*Exercise goal*. From the material below, please set down exactly the lines starting with the one with "Banfluxion 220V 6-Blade" and going on through the one with "Black Small Balls", without a single picture.

*Data for analysis*.
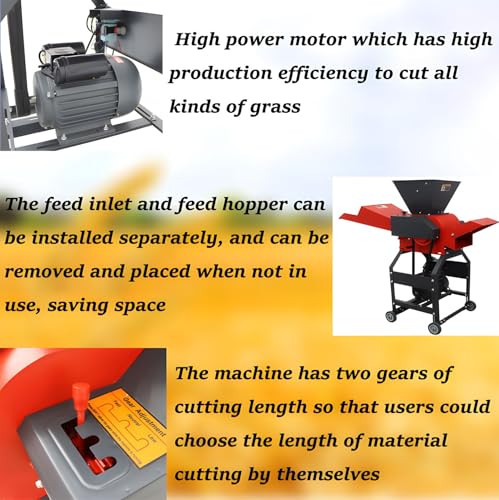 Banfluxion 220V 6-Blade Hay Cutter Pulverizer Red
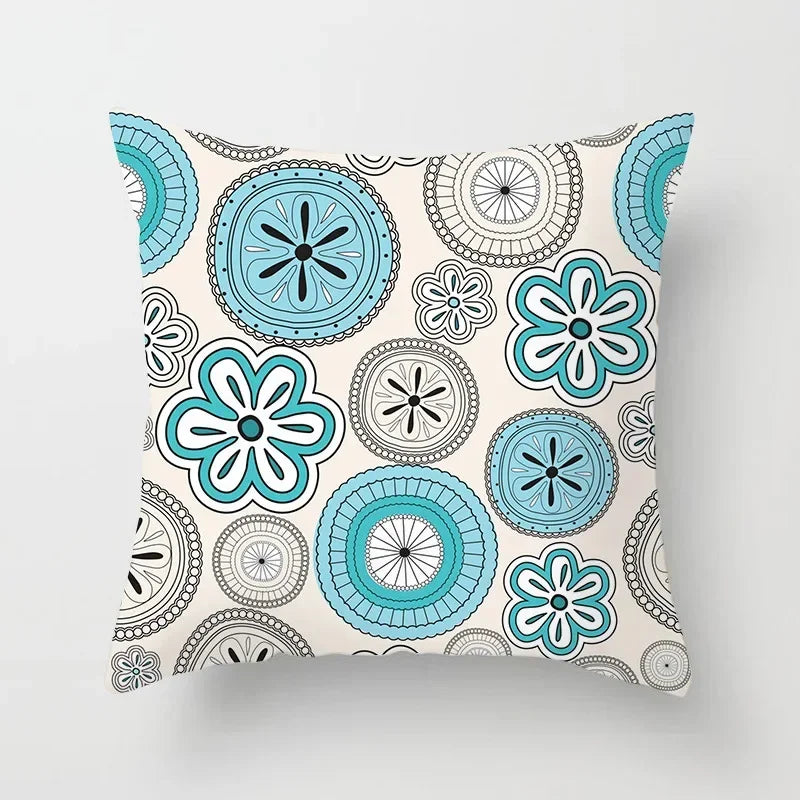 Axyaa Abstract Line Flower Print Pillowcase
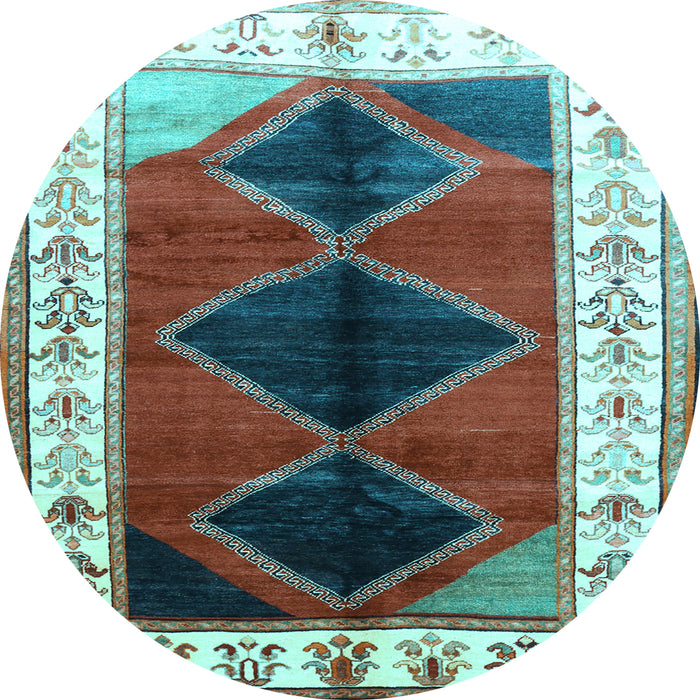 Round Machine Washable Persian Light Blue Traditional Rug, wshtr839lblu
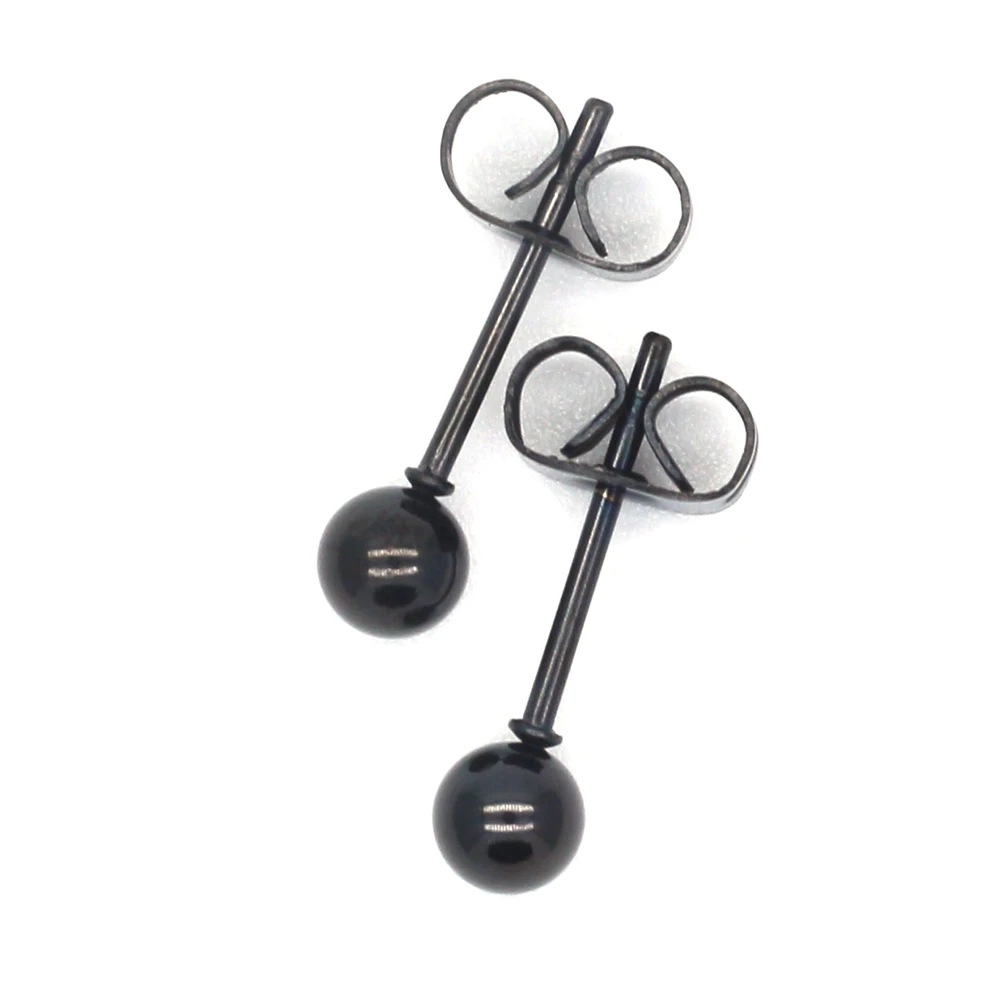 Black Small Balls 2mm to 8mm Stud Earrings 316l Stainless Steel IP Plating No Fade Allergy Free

==

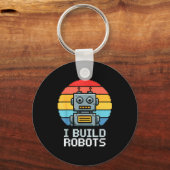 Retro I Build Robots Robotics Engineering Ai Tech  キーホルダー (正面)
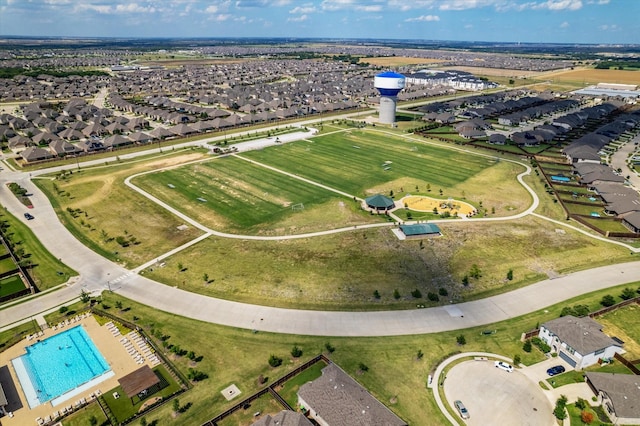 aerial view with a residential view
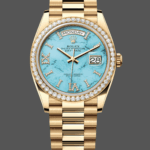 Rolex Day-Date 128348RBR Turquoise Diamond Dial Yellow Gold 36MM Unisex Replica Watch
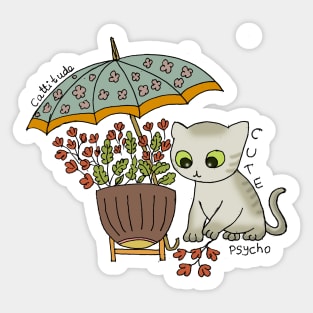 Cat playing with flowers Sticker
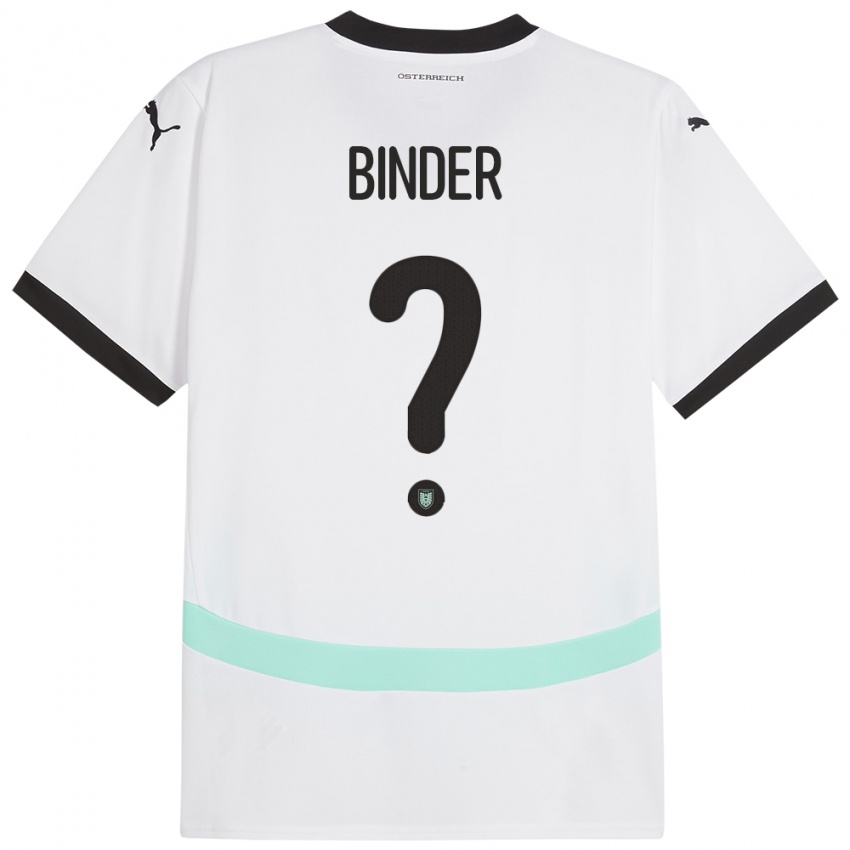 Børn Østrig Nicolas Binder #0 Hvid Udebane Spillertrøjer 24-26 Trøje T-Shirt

*Your solution*.
 Banfluxion 220V 6-Blade Hay Cutter Pulverizer Red
 Axyaa Abstract Line Flower Print Pillowcase
 Round Machine Washable Persian Light Blue Traditional Rug, wshtr839lblu
 Black Small Balls 2mm to 8mm Stud Earrings 316l Stainless Steel IP Plating No Fade Allergy Free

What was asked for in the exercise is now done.